To mitigate the weighting problem, SLDR takes the so-called “smart-beta” route. Most smart-beta products emphasize such “factors” as growth, quality, momentum and low volatility to decide on index constituent weights. However, a simpler approach would be to equal weight all components within an index or portfolio, thus avoiding the large-cap bias of market capitalization-weighted indices.
The passively managed SLDR tracks the S-Network Sector Leaders Index, a gauge constituted of large-cap equities with equally-weighted sector exposures. The new fund focuses on growth and quality on a sector-by-sector basis. The sector leaders are then identified which include 5 stocks in each of 9 Global Industry Classification Standard (GICS) sectors that make up the S&P 500 index. The GICS classification standard combine telecommunications and information technology sector and excludes shares of Real Estate Investment Trusts (REITs).
A two stage screening method is employed to select the five stocks from each of the nine GIVS sectors. First, the stocks are screened for growth parameters, including growth in EPS and sales per share. Next, the securities are ranked based on quality factors such as return on equity and debt-equity ratio. The underlying index is rebalanced every quarter.

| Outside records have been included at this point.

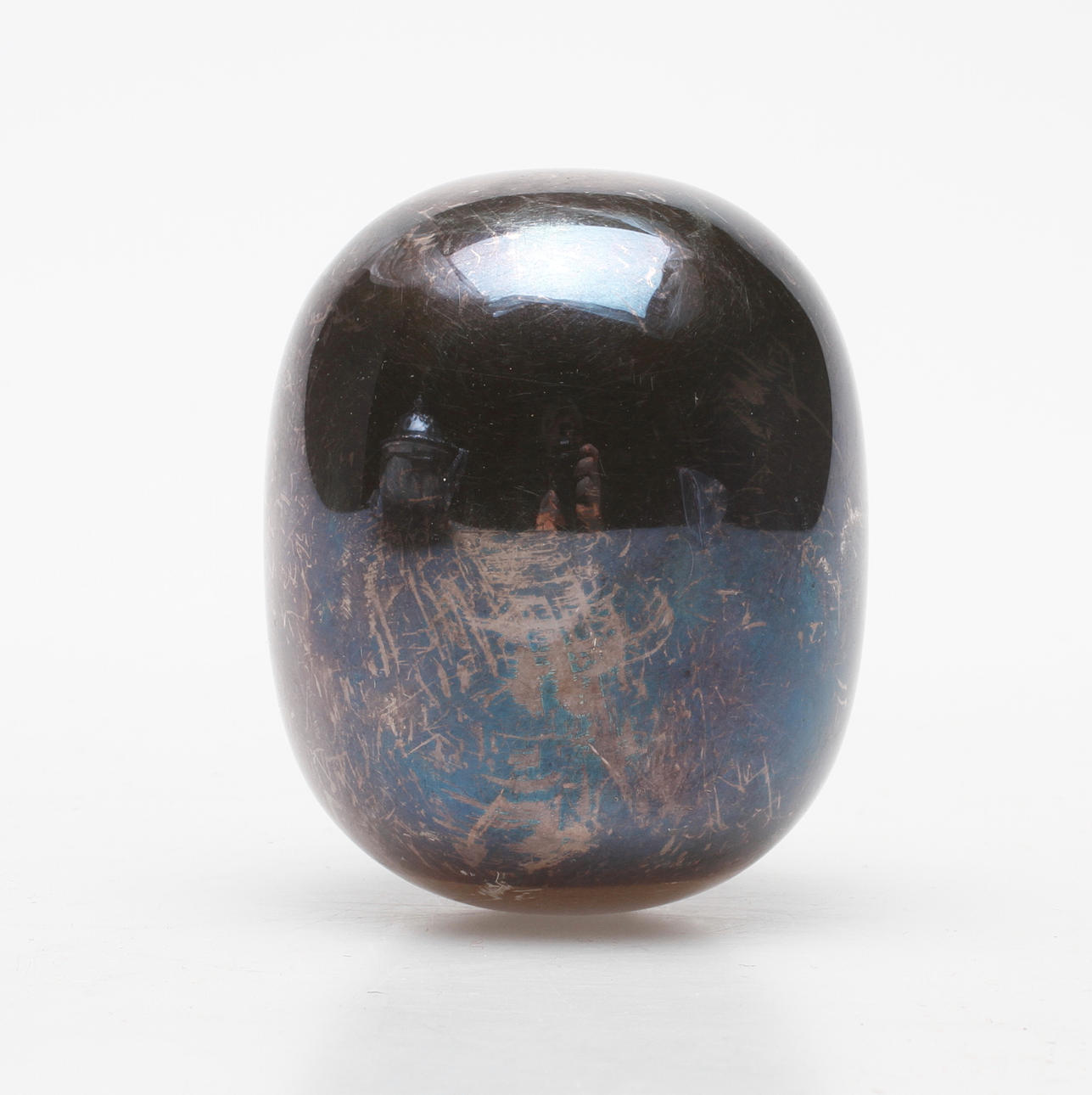 PIET HEIN. Skulptur, "Super Egg", metall.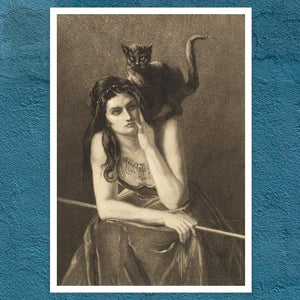Auguste Danse "Woman With a Cat On Her Shoulder" (c.1875) - Mabon Gallery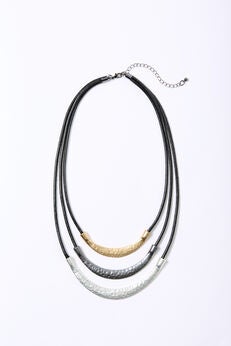 3 Row Multi Metal Necklace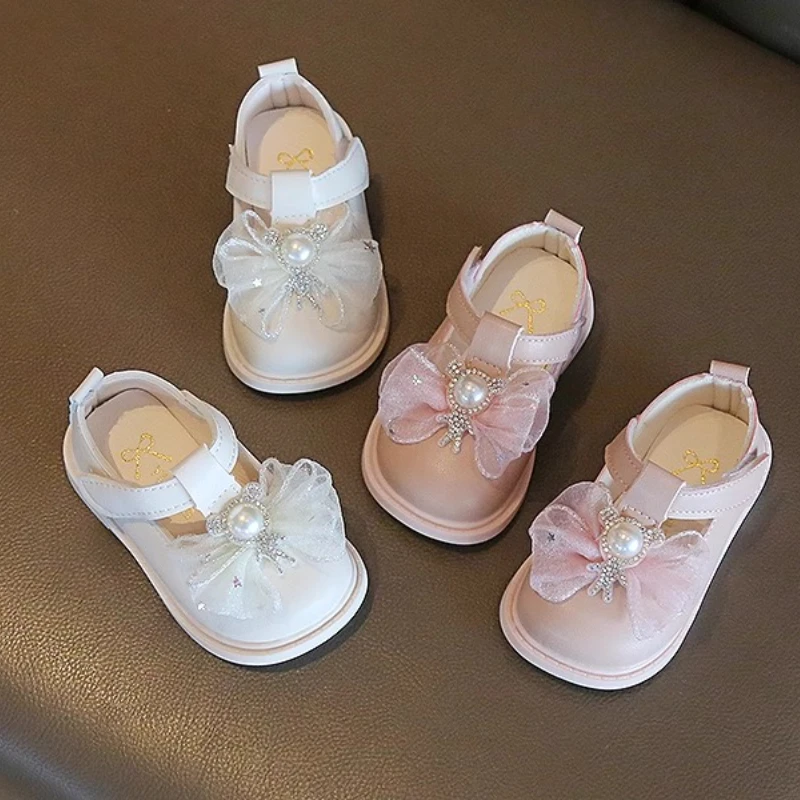 Детская обувь 2025Летняя новая модная обувь принцессы Детская прогулочная обувь на мягкой подошве с галстуком-бабочкой Обувь для девочек Мягкая кожаная детская обувь 여아 구 lai
Детская обувь 2025Летняя новая модная обувь принцессы Детская прогулочная обувь на мягкой подошве с галстуком-бабочкой Обувь для девочек Мягкая кожаная детская обувь 여아 구 lai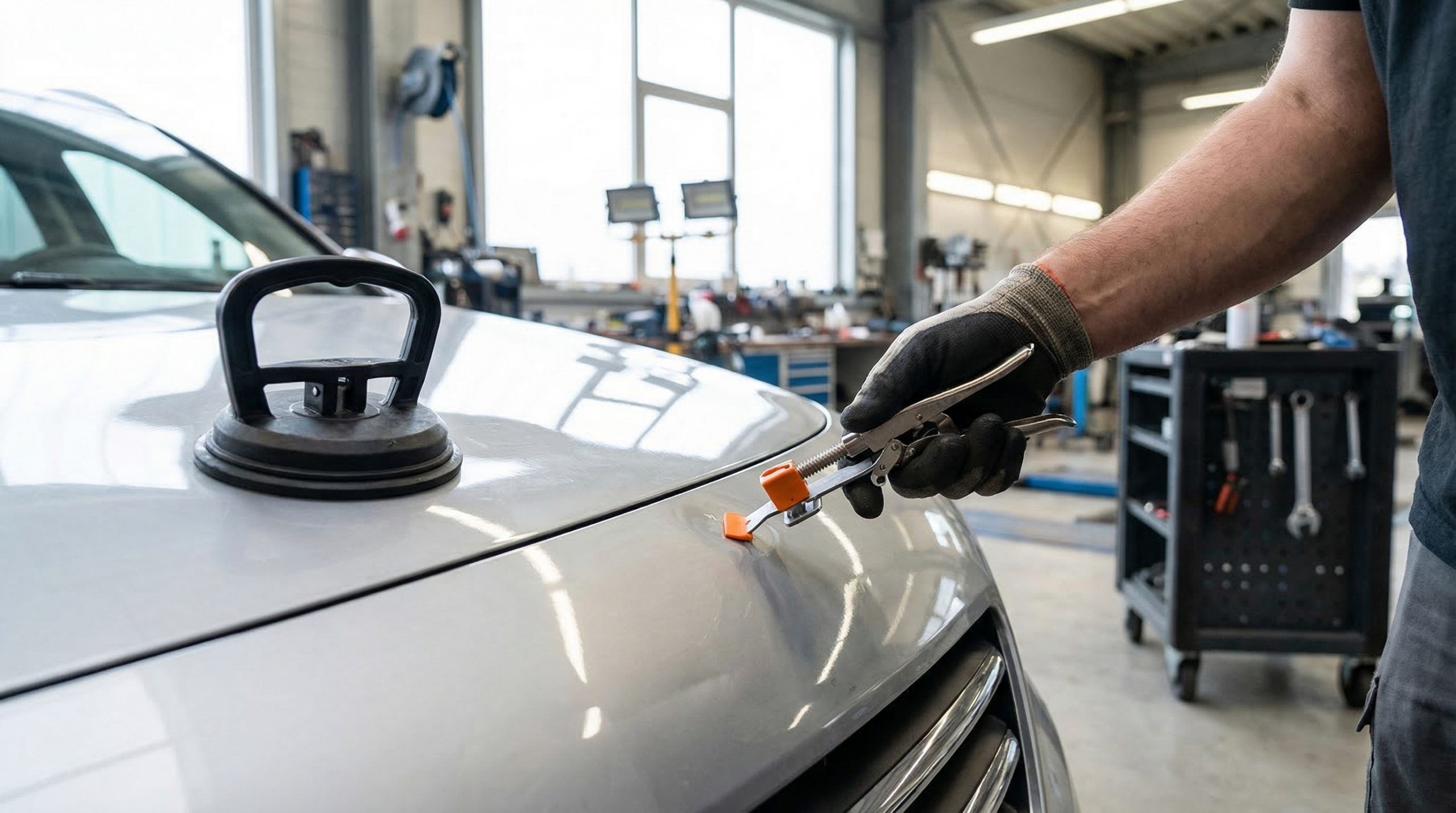 Ein klassischer Saugnapf funktioniert nur bei sehr flachen, eher gro&szlig;fl&auml;chigen Beulen. F&uuml;r m&uuml;nz- bis handtellergro&szlig;e Dellen&hellip;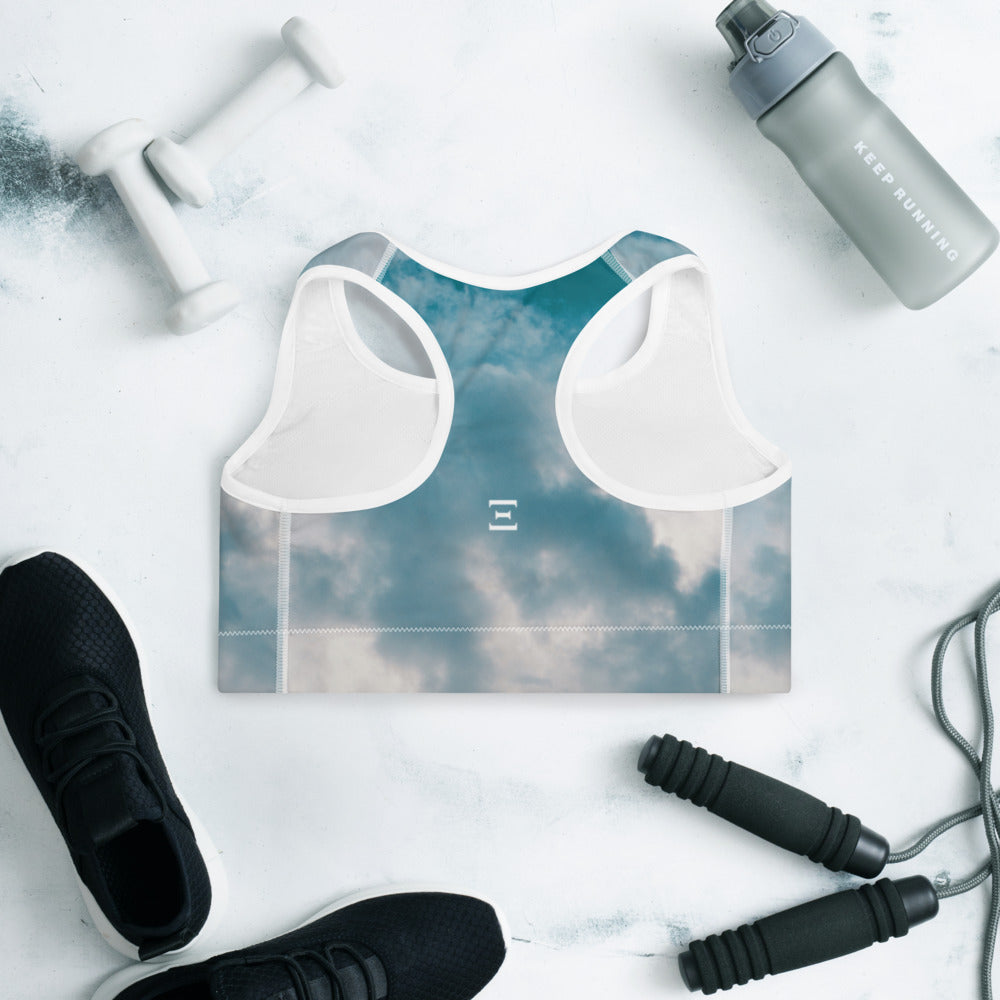 Blessed Padded Sports Bra-MEECHI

Data from past three years show the S-Network Sector Leaders Index reported an EPS growth of 135.5 percent compared S&P 500’s 56 percent while debt-to-equity ratio for the index was calculated at 54.44 percent compared to S&P’s 78.32 percent.
The new fund is likely to face competition from the S&P Equal Weight ETF (RSP), Equal Sector Weight ETF (EQL) and the Russell 1000 Equal Weight Portfolio (EQAL).
SDLR has an annual expense ratio of 0.4 percent.